The real problem isn't that it made mistakes. It's that I had no way to go back and understand what it did, when, and why, to learn from it and finetune my prompts. Sure, I could just scroll the claude logs, but what if the "failures" weren't apparent until much later? Or what if the issue was at step 315 out of an hour-long agent run of 500 steps?

That's why Bench is a big deal. Not just a logger, but an audit trail that makes agent actions legible: every tool call, file change, conversation, subagent detail, all is there for you for as long as you need it, searchable and shareable. A great way to "share your context" to your colleagues, as well as being what I really needed to learn from my mistakes and improve in terms of prompt writing!

I’m curious how detailed the tracking is. If I can really see every tool call and file change clearly, I can imagine using this for debugging more than anything else.

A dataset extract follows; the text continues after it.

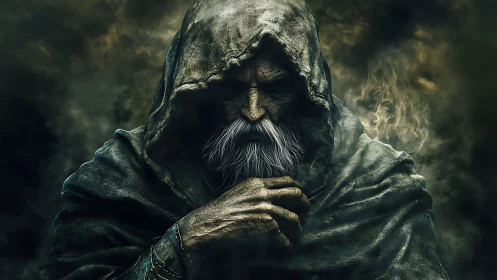 Hooded elder sorcerer rendered in high-contrast digital chiaroscuro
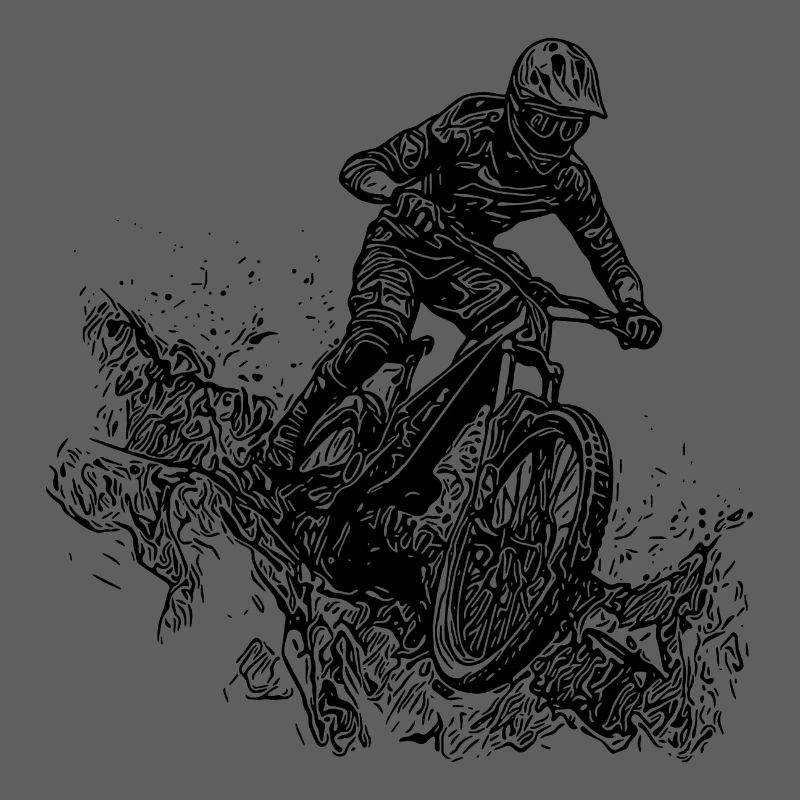 Radfahrer Mountainbiker Regen Schlamm Abfahrt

Being able to attach session history to PRs is a really smart idea. Makes collaboration much easier.

Cograts on the launch. I can see this becoming essential for teams using AI agents regularly, especially when debugging or reviewing work.

How granular is the session tracking? Can you trace decisions step-by-step or it is more of a high level overview?

How granular is the session tracking? Can you trace decisions step-by-step or it is more of a high level overview?

How deep does it go when tracking tool calls and file changes across a session?

I’ve been using Claude Code quite a bit, and I often lose track of what actually happened in a session. This idea of being able to go back and inspect everything feels really useful for me.